Thus the system of corporate farming was introduced besides general farming by individuals. These companies also owned their ginning factories where cotton was ginned and pressed.
As domestic cotton consumption was very limited, most of the raw cotton was exported to European and British-ruled countries to feed their spinning mills.
To handle such exports, these companies had their own export houses in port cities like Bombay, Karachi, Madras and Calcutta.
With a view to protect the interests of cotton trade from adverse price fluctuations and to facilitate the cotton trade in safe and smooth marketing, cotton was traded in Forward Contracts (Hedge Trading) and Ready Delivery/Spot Delivery systems through two cotton exchanges - one in Bombay (Established in 1922) and the other in Karachi (Established in 1933).
When Pakistan came into being in 1947, it inherited this integrated/compact system which covered three different processes of cotton growing, ginning and export sales.
In 1947-48, Pakistan produced some 1.1 million bales (of 170 kg) of raw cotton and its domestic cotton consumption was hardly 10 percent of its production so most of the cotton was exported.
Later, the ratio of consumption to production started increasing with the installation of more and more spinning mills.
The foreigners started returning to their countries by winding up their companies and the compact cotton trading system was disintegrated into three separate and independent sectors viz; growing, ginning and spinning/exports marketing (foreign and local).
Under this new system, the growers sell their seed-cotton to ginners who, after ginning and pressing, sell their lint cotton either to spinners or to exporters. A large number of commission houses were established in Karachi for helping the ginners in disposal of their lint cotton to spinners or exporters.

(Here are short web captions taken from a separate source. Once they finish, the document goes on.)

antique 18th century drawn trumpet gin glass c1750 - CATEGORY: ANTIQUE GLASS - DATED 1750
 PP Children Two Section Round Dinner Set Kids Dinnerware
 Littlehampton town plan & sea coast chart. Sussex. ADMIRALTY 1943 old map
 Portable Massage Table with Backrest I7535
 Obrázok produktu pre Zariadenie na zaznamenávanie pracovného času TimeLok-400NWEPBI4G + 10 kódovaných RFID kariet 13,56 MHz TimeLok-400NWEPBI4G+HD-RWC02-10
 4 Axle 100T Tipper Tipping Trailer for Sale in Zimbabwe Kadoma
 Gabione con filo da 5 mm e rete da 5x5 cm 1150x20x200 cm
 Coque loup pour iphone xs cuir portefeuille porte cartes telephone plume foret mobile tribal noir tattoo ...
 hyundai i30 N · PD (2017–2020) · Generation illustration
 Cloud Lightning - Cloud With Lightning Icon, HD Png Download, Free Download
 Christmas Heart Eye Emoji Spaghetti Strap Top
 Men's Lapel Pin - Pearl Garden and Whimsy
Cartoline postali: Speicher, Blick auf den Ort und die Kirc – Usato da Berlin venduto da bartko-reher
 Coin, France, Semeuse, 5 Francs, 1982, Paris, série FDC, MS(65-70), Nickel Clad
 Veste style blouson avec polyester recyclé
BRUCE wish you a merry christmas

Marketing of most of the lint cotton was channelled through Karachi Cotton Exchange, which by and large operated smoothly.
Later on, due to default in periodical settlement of Hedge Trading on the part of some unscrupulous companies/members, Hedge Trading remained suspended for many weeks.
Some purely speculative elements had tried to play with the Hedge Market detrimental to the interests of genuine cotton players.
Sometimes Hedge Market was exploited by floating rumours to the benefit of the exploiters. Reported defaults in exports and shipments were on increase.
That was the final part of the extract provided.